Since "forever" is often exponential time, the logarithm of forever would indeed make cryptanalysis easy. :)

Some More Information

[eldavojohn]

So I read the comments and see that I need to do this in ranges or 1 to 100, 1 to 1000, etc. Which is fine, I've added another R method and would post the code here if it didn't yell at me for junk characters. So here are your Benford lists:

All Primes 1-100
Counted Occurances:
4, 3, 3, 3, 3, 2, 4, 2, 1
Frequencies:
0.160, 0.120, 0.120, 0.120, 0.120, 0.080, 0.160, 0.080, 0.040

All Primes 1-1,000
Counted Occurances:
25, 19, 19, 20, 17, 18, 18, 17, 15
Frequencies:
0.149, 0.113, 0.113, 0.119, 0.101, 0.107, 0.107, 0.101, 0.089

All Primes 1-10,000
Counted Occurances:
160, 146, 139, 139, 131, 135, 125, 127, 127
Frequencies:
0.130, 0.119, 0.113, 0.113, 0.107, 0.110, 0.102, 0.103, 0.103

All Primes 1-100,000
Counted Occurances:
1193, 1129, 1097, 1069, 1055, 1013, 1027, 1003, 1006
Frequencies:
0.124, 0.118, 0.114, 0.111, 0.110, 0.106, 0.107, 0.105, 0.105

All Primes 1-1,000,000
Counted Occurances:
9585, 9142, 8960, 8747, 8615, 8458, 8435, 8326, 8230
Frequencies:
0.122, 0.116, 0.114, 0.111, 0.110, 0.108, 0.107, 0.106, 0.105

All Primes 1-10,000,000
Counted Occurances:
80020, 77025, 75290, 74114, 72951, 72257, 71564, 71038, 70320
Frequencies:
0.120, 0.116, 0.113, 0.112, 0.110, 0.109, 0.108, 0.107, 0.106

This is the raw data so to turn that into something visual, I dumped it into a Google spreadsheet and made it public (note the scale on the y axis). Enjoy!

It seems that the curve is flattening out the more data I collect, but the logarithmic curve may be valid. I have the data for 100,000,000 and will add that to the spreadsheet once it completes.

Re:Surprising?

[polemistes]

Actually, if you read the decimals of pi backwards, you'll get all the primes after each other.

I Found a Fit!

[eldavojohn]

The results for all primes between one and one hundred million:

Counted Occurances:
686048, 664277, 651085, 641594, 633932, 628206, 622882, 618610, 614821
Frequencies:
0.119, 0.115, 0.113, 0.111, 0.110, 0.109, 0.108, 0.107, 0.107

So there's some more data for you. I added that to this spreadsheet.

So I hope that satisfies everyone who replied to my thread first of all.
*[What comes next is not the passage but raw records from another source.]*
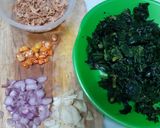 Foto langkah ke 1 dari resep Tumis Rebon Daun Lotes.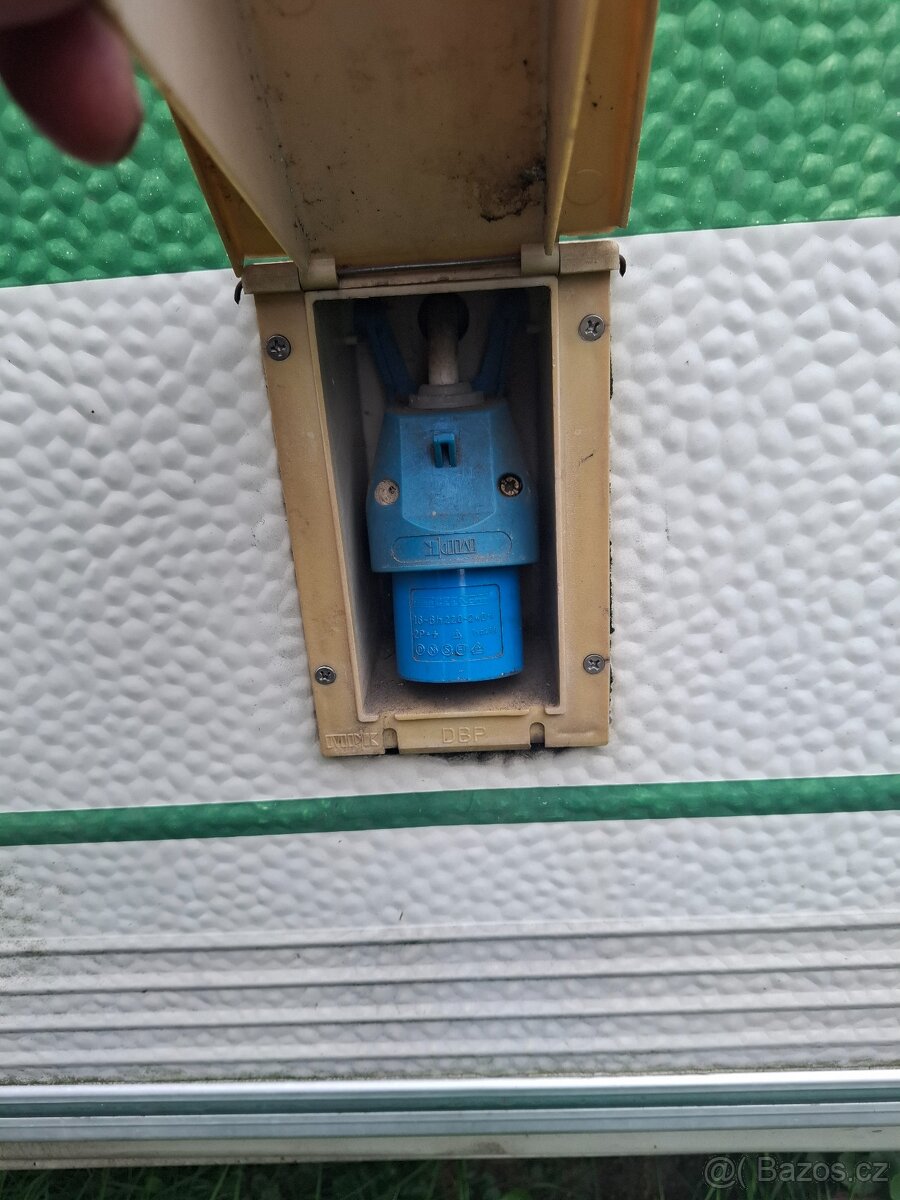 Obytny prives Chateau r.v.2006 - 18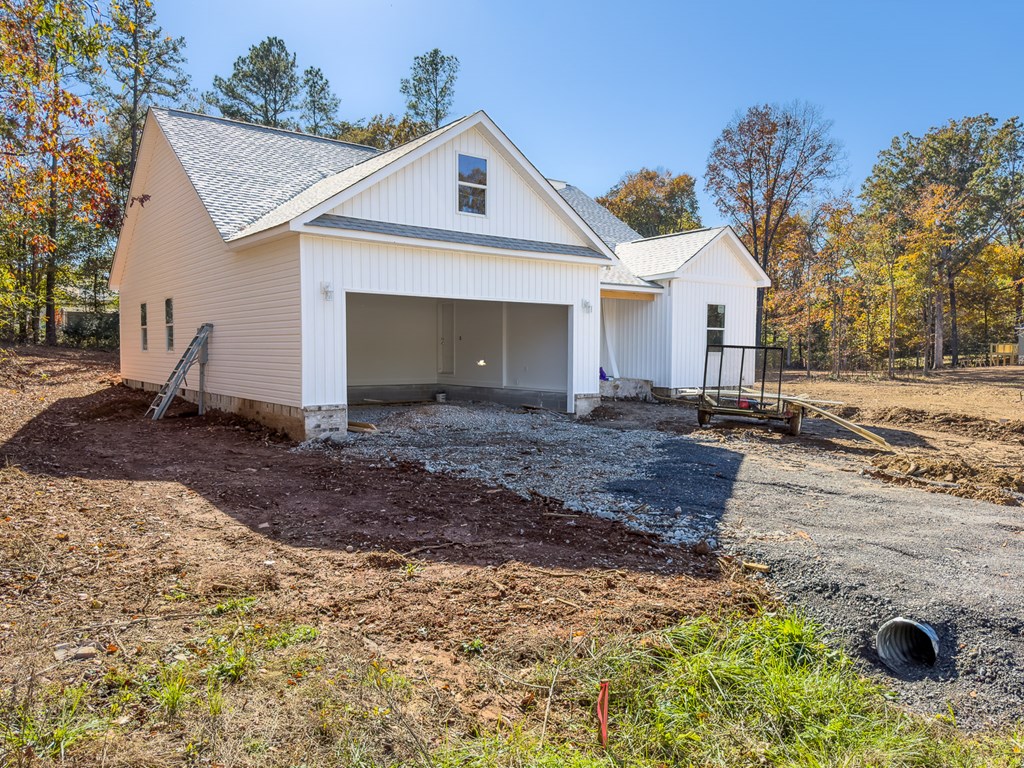 420236 Chatsworth Residential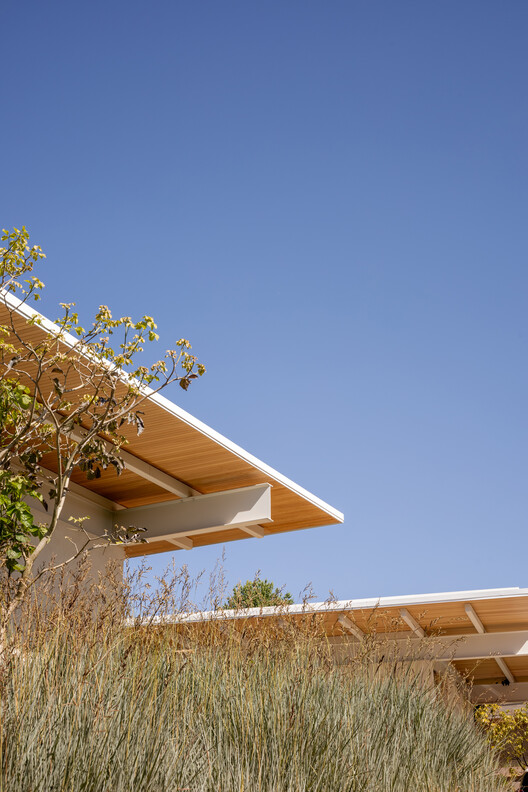 JL Residence / Kiko Castello Branco Arquitetura + Lucas Cunha - Image 17 of 31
I hope 5,761,455 primes between one and one hundred million satisfies you.

I used a very simple Non Linear Squares model to solve for a single constant on a log of these values. I think I have a fit. Using Benford's model and the NLS Package in R, I found:

f(x) = 0.020814 * log(161.147689 * ((x+1)/x))

To fit quite nicely, here's the summary:

Formula: y ~ Const1 * log(Const2 * ((x + 1)/x))

Parameters:
Estimate Std. Error t value Pr(>|t|)
Const1 0.020814 0.001940 10.7292 1.343e-05 ***
Const2 161.147689 80.222081 2.0088 0.08452 .
---

Residual standard error: 0.0010413 on 7 degrees of freedom

Number of iterations to convergence: 8
Achieved convergence tolerance: 1.8104e-07

Here is the list of frequencies next to what my model produced:

Benford Prime Rates
0.11907548
0.11529674
0.11300704
0.11135972
0.11002984
0.10903600
0.10811193
0.10737045
0.10671280

NLS Model Results
0.1202106
0.11422279
0.11177125
0.11042794
0.10957828
0.10899193
0.10856276
0.10823497
0.10797641

I would wager that they are correct. Neat discovery!

Re:Other bases?

[Blakey+Rat]

The whole of mathematics is really just a language of form and structure, a system to systematize and decribe structure and forms (relationships are a type of form).

So... mathematics is the vaguest thing possible?